One the most original of the modern sci-fi/horror sub-genre writers. He basically created the category.
Grab yourself a heaping dish of elder god sushi
and settle in for some fun reading.
If the descriptions seem vague, the quotations from the Necronomicon
maddeningly short, the 'known' facts incomplete and sometimes even contradictory
, don't be surprised. Lovecraft deliberately wrote it that way. He firmly believed the reader's imagination could create a more frightening mood when working with hints than their rational mind could working with vivid descriptions. Besides, what description could accurately convey his idea of trans-dimensional, god-like, yet utterly evil entities
, whose presence phases in and out of our own time-space continuum.
That's the beauty of Lovecraft. The danger isn't confined to specific places or a times. The minions of Cthullu and the Elder Gods are separated from us by only the thinnest of dimensional walls. Do something wrong, or be a little too confident or careless, and the bogyman really will get you in Lovecraft's universe.
Lovecraft was an avid amateur astronomer. And he also lived at the very start of the era that produced the first real breakthroughs in nuclear energy, particle physics, and relativity. Fascinated as he was by all of this (and being a 'confirmed rationalist' by his own admission) he still admitted to an occasional vague anxiety about where this scientific research might lead mankind. Some of this anxiety, and his concerns about the possible societal reaction to Einstein's new vision of the universe, finds voice in some of his stories:
The sciences, each straining in its own direction, have hitherto harmed us little; but some day the piecing together of dissociated knowledge will open up such terrifying vistas of reality, and of our frightful position therein, that we shall either go mad from the revelation or flee from the deadly light into the peace and safety of a new dark age. -The Call of Cthullu
Interestingly, most of the people who run afoul of these entities in Lovecraft's stories did so by being a little too curious for their own good. They read a forbidden book they shouldn't have, conducted scientific research into something better left alone, played around with an artifact they knew was evil.
Possibly Gilman ought not to have studied so hard. Non-Euclidean calculus and quantum physics are enough to stretch any brain; and when one mixes them with folklore, and tries to trace a strange background of multi-dimensional reality behind the ghoulish hints of the Gothic tales and the wild whispers of the chimney-corner, one can hardly expect to be wholly free from mental tension.
But he was still content, for at one mighty venture he was to learn all. Damnation, he reflected, is but a word bandied about by those whose blindness leads them to condemn all who can see, even with a single eye. -Dreams in the Witch House
If the thing did happen, then man must be prepared to accept notions of the cosmos, and of his own place in the seething vortex of time, whose merest mention is paralysing. He must, too, be placed on guard against a specific, lurking peril which, though it will never engulf the whole race, may impose monstrous and unguessable horrors upon certain venturesome members of it. -Through the Gates of the Silver Key
So what is this "specific lurking peril?"

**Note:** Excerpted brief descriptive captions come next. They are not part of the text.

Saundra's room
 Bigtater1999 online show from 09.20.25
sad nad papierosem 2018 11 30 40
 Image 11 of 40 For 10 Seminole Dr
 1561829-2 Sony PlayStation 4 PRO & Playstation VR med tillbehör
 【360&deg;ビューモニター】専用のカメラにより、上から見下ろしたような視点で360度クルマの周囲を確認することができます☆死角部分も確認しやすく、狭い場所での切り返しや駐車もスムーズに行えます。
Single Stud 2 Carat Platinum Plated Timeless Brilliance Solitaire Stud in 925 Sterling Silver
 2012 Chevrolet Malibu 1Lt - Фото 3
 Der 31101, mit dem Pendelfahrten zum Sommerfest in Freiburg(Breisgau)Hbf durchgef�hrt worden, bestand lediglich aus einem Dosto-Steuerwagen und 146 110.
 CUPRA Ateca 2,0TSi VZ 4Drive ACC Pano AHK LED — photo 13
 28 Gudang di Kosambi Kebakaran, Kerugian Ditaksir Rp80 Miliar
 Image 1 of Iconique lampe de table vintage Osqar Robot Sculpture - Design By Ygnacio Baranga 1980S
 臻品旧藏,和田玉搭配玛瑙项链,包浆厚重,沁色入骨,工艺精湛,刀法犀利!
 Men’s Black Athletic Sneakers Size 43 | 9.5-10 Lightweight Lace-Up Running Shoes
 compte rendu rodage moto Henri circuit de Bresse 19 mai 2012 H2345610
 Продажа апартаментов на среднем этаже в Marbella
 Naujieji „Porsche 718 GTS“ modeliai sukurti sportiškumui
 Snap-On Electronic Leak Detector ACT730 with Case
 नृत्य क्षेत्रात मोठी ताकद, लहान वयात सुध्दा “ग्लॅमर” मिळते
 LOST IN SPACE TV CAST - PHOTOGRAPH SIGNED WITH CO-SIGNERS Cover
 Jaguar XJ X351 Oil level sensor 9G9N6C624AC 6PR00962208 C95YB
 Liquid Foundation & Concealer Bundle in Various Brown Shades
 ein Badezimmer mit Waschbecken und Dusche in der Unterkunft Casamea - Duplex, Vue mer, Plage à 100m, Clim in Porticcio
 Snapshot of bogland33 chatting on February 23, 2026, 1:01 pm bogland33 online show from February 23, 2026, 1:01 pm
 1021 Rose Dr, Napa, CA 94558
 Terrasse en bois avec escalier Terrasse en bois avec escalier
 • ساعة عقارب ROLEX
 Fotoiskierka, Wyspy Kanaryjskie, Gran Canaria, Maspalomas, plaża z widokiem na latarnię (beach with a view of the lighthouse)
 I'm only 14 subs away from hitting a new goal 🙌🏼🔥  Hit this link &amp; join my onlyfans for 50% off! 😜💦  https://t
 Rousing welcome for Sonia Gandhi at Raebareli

In one of the few 'quotes' Lovecraft provides from the Necronomicon
he 'explains' a bit about what these entities are:
Nor is it to be thought that man is either the oldest or the last of earth’s masters, or that the common bulk of life and substances walks alone.
The Old Ones were, the Old Ones are, and the Old Ones shall be. Not in the spaces we know, but between them They walk, serene and primal, undimensioned and to us unseen.
Yog-Sothoth knows the gate. Yog-Sothoth is the gate. Yog-Sothoth is the key and guardian of the gate.
Past, present, future, all are one in Yog-Sothoth. He knows where the Old Ones broke through of old, and where They shall break through again. He knows where They have trod earth’s fields, and where They still tread them, and why no one can behold Them as They tread.
By Their smell can men sometimes know them near, but of Their semblance can no man know, saving only in the features of those They have begotten on mankind; and of those are there many sorts, differing in likeness from man’s truest eidolon to that shape without sight or substance which is Them.
They walk unseen and foul in lonely places where the Words have been spoken and the Rites howled through at their Seasons. The wind gibbers with Their voices, and the earth mutters with Their consciousness. They bend the forest and crush the city, yet may not forest or city behold the hand that smites.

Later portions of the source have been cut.